Nicht mal zu seiner Frau Karin hat Seehofer da noch Vertrauen. Als die beim Sommerempfang in Schloss Schleißheim ungezwungen mit der AZ-Landtagskorrespondentin plaudert, packt er Karin am Arm und zerrt sie lautstark weg: „Mit allen anderen, aber mit der redest du nicht.“
Nicht mal seiner eigenen Frau vertraut er
Dabei ist es nicht nur sein privates Doppelleben, das ihm zu schaffen macht. Vor allem Guttenberg vermiest ihm die Laune. Der Baron bekommt von Bürgern und Presse das, wonach Seehofer so süchtig ist: Anerkennung! Deshalb lässt der Ministerpräsident nun den Chef raushängen und offenbart menschliche Defizite. Seinen Bürochef Gerhard Reichel ließ er feuern. Zuvor hatte er mit ihm noch die Morgenbesprechung abgehalten und dem Beamten keinen Ton vom Rauswurf verraten.
Dem braven Innenstaatssekretär Bernd Weiß, der sich schriftlich entschuldigt hatte und 45 Minuten früher die Regierungsrunde verlassen musste, drohte er mit Rauswurf.
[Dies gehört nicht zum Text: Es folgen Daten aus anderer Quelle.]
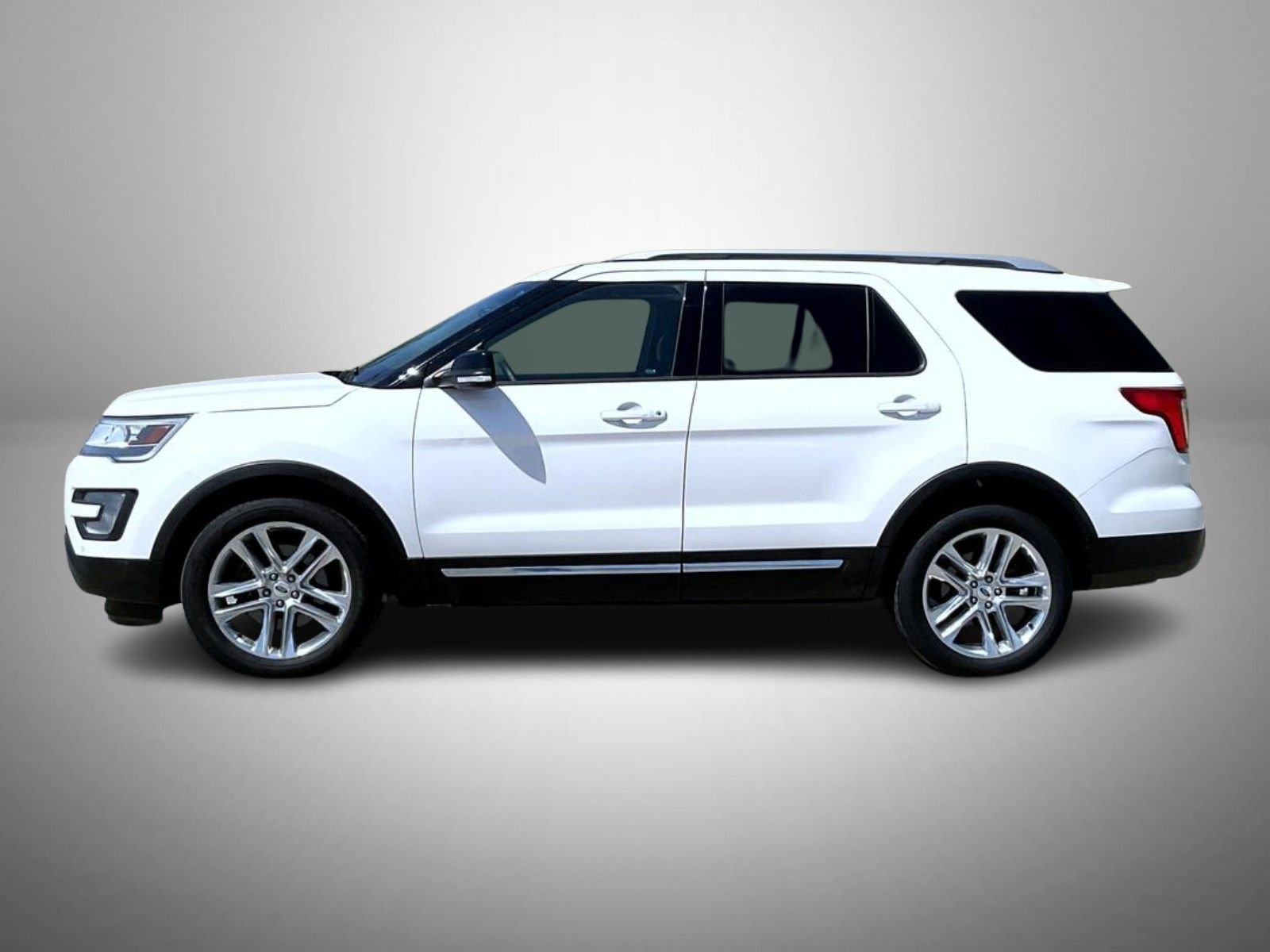 Used 2017 White Ford XLT image 8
Aber erst, als Weiß schon weg war. Seiner Wirtschaftsstaatssekretärin Katja Kessel (FDP) verbietet er eine Delegations-Reise nach Brasilien, obwohl alle Flüge und Hotels schon bezahlt sind – sie hätte sonst am Dienstag im Kabinett gefehlt.
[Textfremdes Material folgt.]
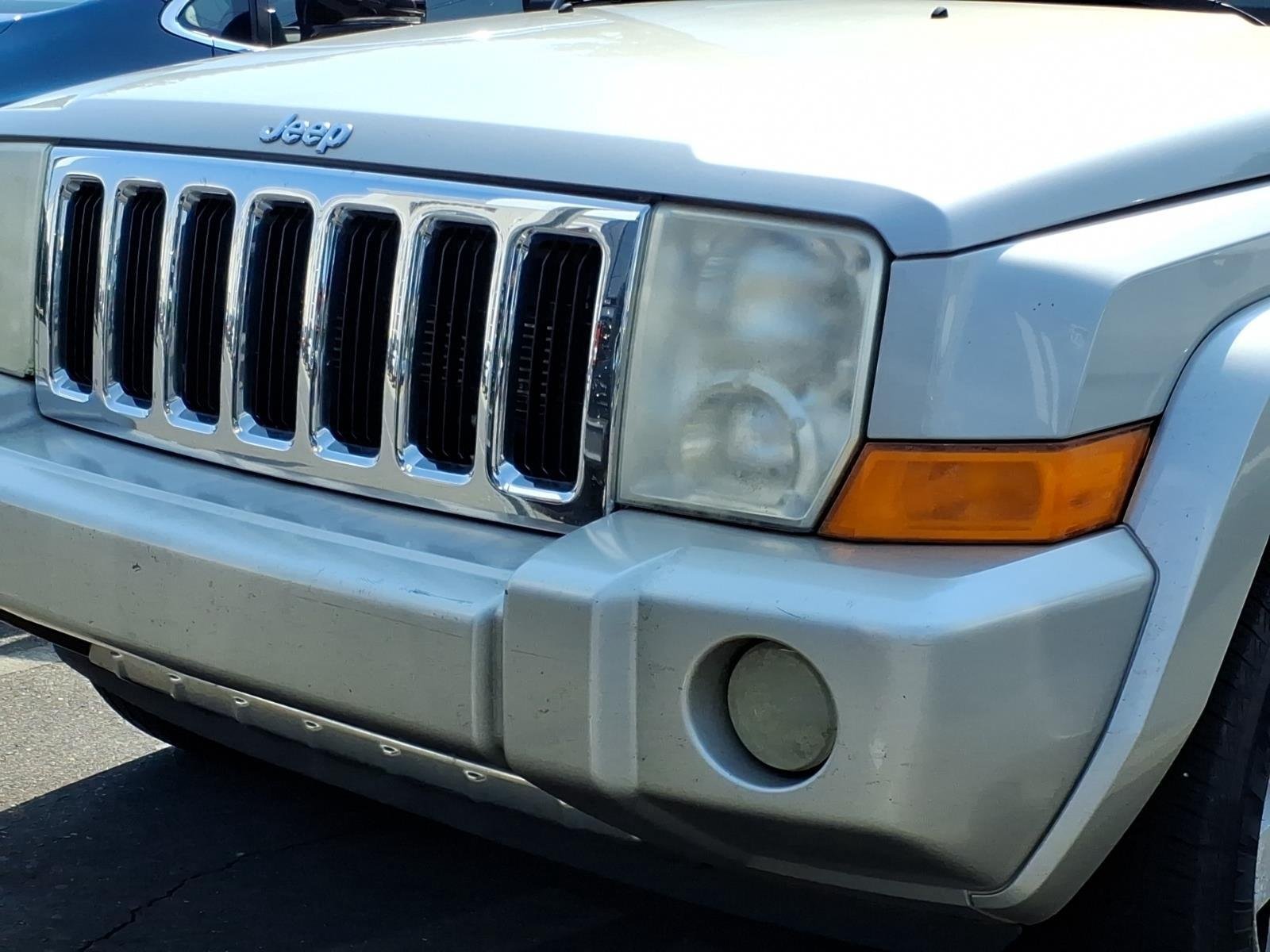 Used 2008 Light Graystone Pearl Jeep Limited image 2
Kann er in dem Zustand einen Derblecker vertragen?
Seehofer versucht, Angst und Schrecken zu verbreiten. Auch in der Landesleitung herrscht das Zittern, ob man ja alles richtig macht, um einen Gute-Laune-Parteitag für Seehofer zu inszenieren. Bundeskanzlerin Angela Merkel muss gefeiert werden, weil sie heute, am Tag ihrer Rede vor der CSU, 55. Geburtstag hat. Am Abend sollen die Delegierten dann auch noch Seehofers 60.Geburtstag nachfeiern. Mit einem Überraschungsgast: der Kabarettist Wolfgang Krebs, der die Dreifaltigkeit Seehofer, Stoiber und Beckstein doubelt und Bundeskanzlerin Angela Merkel noch dazu, soll für große Fröhlichkeit sorgen.
Zwischendurch bekamen die Organisatoren Zweifel, überlegten gar, ob sie Krebs wieder ausladen sollten. Der hatte nämlich beim Mediensommerfest von Sozialministerin Christine Haderthauer einen fulminanten Auftritt in der Szenerie einer Supermarktkasse: Als Stoiber diskutierte er mit einer Kassiererin die EU-Verpackungsordnung. Als Beckstein brachte er die „Rabattmarken von der Marga“. Als Seehofer schmachtete er die Dame an: „Sie schauen aber gut aus, haben Sie heute schon was vor?“
Ob Seehofer in seiner derzeitigen Gemütslage ein Derblecken verkraften kann? Ein Spiel steht jedenfalls nicht auf seiner Liste: „Mensch ärgere dich nicht“.